Iluut, when fashion is sustainable

Sep 21, 2016 | written by:

Why aren’t we able to know where clothes came from and all the steps of their production? The desire to enhance transparency of the producers, quality of raw materials and to share with consumers all the information regarding clothes production is the core belief of iluut, a sustainable fashion brand whose modern designs are made and produced in Europe.

Iluut was created in 2014 by Elina Cerell, committed that the garments are sustainably sourced and traceable down to its last material. The garments con be then sold at an affordable price to help promote these core values to the industry in hope that this will become a standard. Elina, twenty-nine of Helsinki, has always dreamed of being the creator of a positive change in the world of fashion. After business studies and working three years as a project manager in one of the leading advertising agencies in Finland, she decided to start chasing her dream. Elina made a YouTube video where she explained that she was looking for likeminded, warmhearted people. She found Stella Silvia Osella, from Milan, 30ys, who had previously worked for Zara, Topshop and Adidas. They started talking on Skype and discovering their same vision both for clothing and for other goods. But also Elina found VJ Taganahan, twenty-five designer in London, dreaming of a more sustainable fashion industry (nowadays is the more polluting.

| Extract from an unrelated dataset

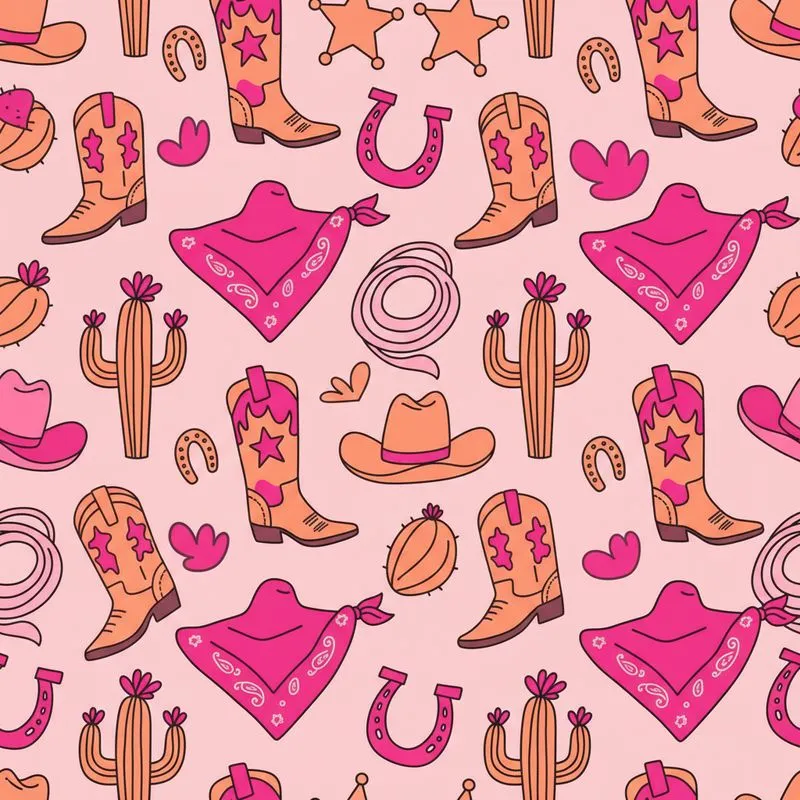 Pink Cartoon Western Boots Hats Bandanas Cacti Lassos Sheriff Stars Design Satin Pajamas Set - 1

At the spring of 2016, the trio registered the company iluut, where its name derives from the Finnish word ‘tuuli` which means ‘wind’. The word is turned upside down to symbolise iluut’s willingness to see a positive shift in the fashion industry. To find the fabrics of their collection the three girls travelled among Europe and they saw with their eyes every part of the chain, from farming, spinning, weaving, printing and transporting knowing the people involved and their high know-how.

Unfortunately, in Europe the local industry struggling to grow - but sometimes even to stay afloat - due to foreign competition which is based on the extremely low prices but with a awful quality. What a shame it would be to lose all this know-how. Moreover, iluut has been making a lot of research and noticed that there is a lack of contemporary design in the sustainable fashion market in Europe.

In August, iluut starts their crowdfunding campaign. This will produce the first 100 pieces of their collection, modern pieces for European women, because the style should not be compromised for sustainability. The pride is obvious because shirts are made with 63% linen grown in Normandy, their shirt-dress icon is a blend of Tencel cotton invented in Austria, and all garments are sewn and finished in Finland. As soon as iluut will be launched, the first project is to build a POP (Pencils Of Promise), a school in third world countries. Meanwhile, all remaining tissues after the cut of the garments are sent to Carpet for Life, an operative working with a community of women in the Moroccan desert trasforming waste into beautiful carpets. A sustainability that really involves the entire creative and production process.